Figure 13. Reference Configuration for UMTS/ATM Connections [SSD]
Transcoding is performed in the Core Network after macro diversity point. Three separate VCs are needed for one path from mobile user to fix user, namely between:
User device and MT/Interworking Unit (IWU).
IWU and Transcoder.
Transcoder and fixed user.
B-ISDN is a broadband service network which is able to integrate all data services for the time being into this one network. It exploits ATM as a transport and switching technique. The B-ISDN network uses the same logical hierarchical protocol architecture as in the OSI model.
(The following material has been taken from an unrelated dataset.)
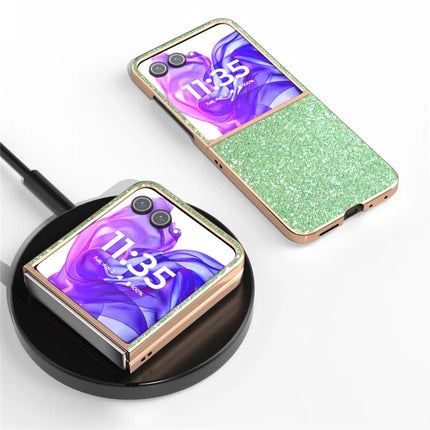 For Motorola Razr 50 Ultra 5G Case Electroplating Phone Cover Colored Glitter Design PU+TPU Protective Case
The B-ISDN protocol reference model consists of three planes: the user plane, the control plane and the management plane. The layers are from down to top: Physical Layer, ATM Layer, ATM Adaptation Layer (AAL) and the higher layer protocols. The B-ISDN protocol reference model is depicted in figure 14.
Figure 14. B-ISDN protocol reference model. [Hän]
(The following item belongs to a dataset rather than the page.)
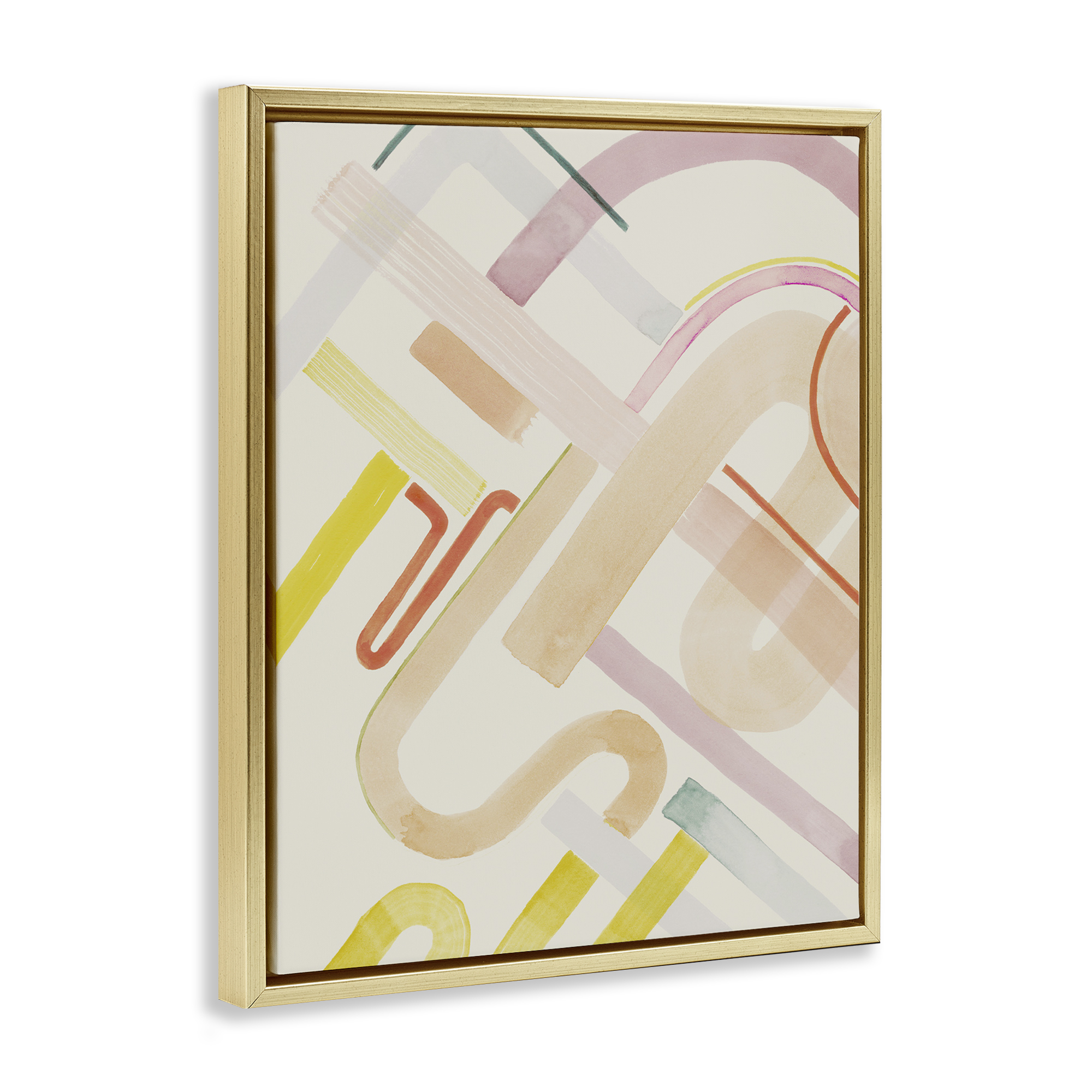 Stupell Industries Curved Forms Collage Abstract Painting Gold Floater Framed Canvas Art Print Wall Art, 17 x 21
The key feature of the B-ISDN is its suitability to support different service types. The most widely applied of them are listed in the table 4.
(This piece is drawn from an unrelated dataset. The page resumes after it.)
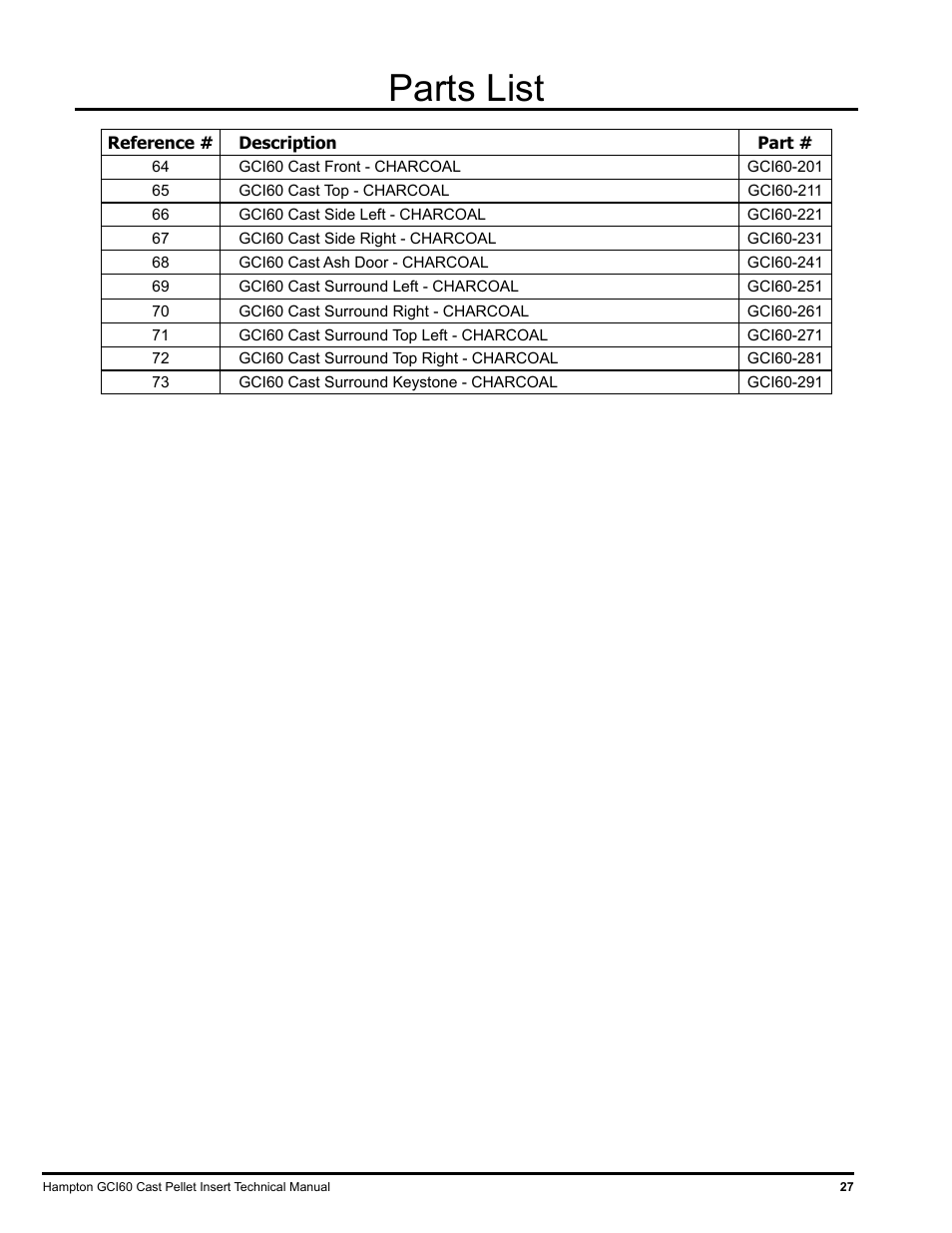 Parts list | Regency Hampton GCI60 Large Pellet Insert TECHNICAL MANUAL User Manual | Page 27 / 34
Table 4. User services in B-ISDN. [MON100]
Services Typical bit rates (kbit/s) Telephony 64 Telefax 64 Data 1- 2000 Videotex 1-64 Video telephony 64-384
B-ISDN User Network Interface (B-UNI)
The B-ISDN signalling transport network is an ATM-based transport network which is logically separated from the user information transport network. The protocol stack for the B-UNI is presented in figure 15.
Figure 15. The B-ISDN signalling protocol stack at the UNI. [SSD]
B-UNI with UMTS requires an extension of Q.2931 signalling protocol (Q.2931*). Q.2931* offers UMTS necessary functionalities e.g.:
support of multipoint and broadcast communication configurations.
adding and removing connections from an existing call.
interworking between different coding systems. [MON65]
ATM Protocol
ATM protocol stack is illustrated in figure 16. It is very similar to the B-ISDN protocol reference model (see figure 14). The B-ISDN signalling is transported in ATM virtual channels logically separated from user data.
Figure 16. ATM protocol stack with sublayers. [I.321]
The Physical Layer consist of two sublayers. The Physical Medium sublayer supports pure transfer medium dependent functions. The Transmission Convergence sublayer converts the ATM cell stream into Physical Medium sublayer. The ATM Layer is independent of the physical medium. It translates the cell identifier for switching, provides the user with one QoS class, to mention a few. The ATM Adaptation Layer adapts the ATM Layer service along the requirements imposed by user services as well as control and management functions.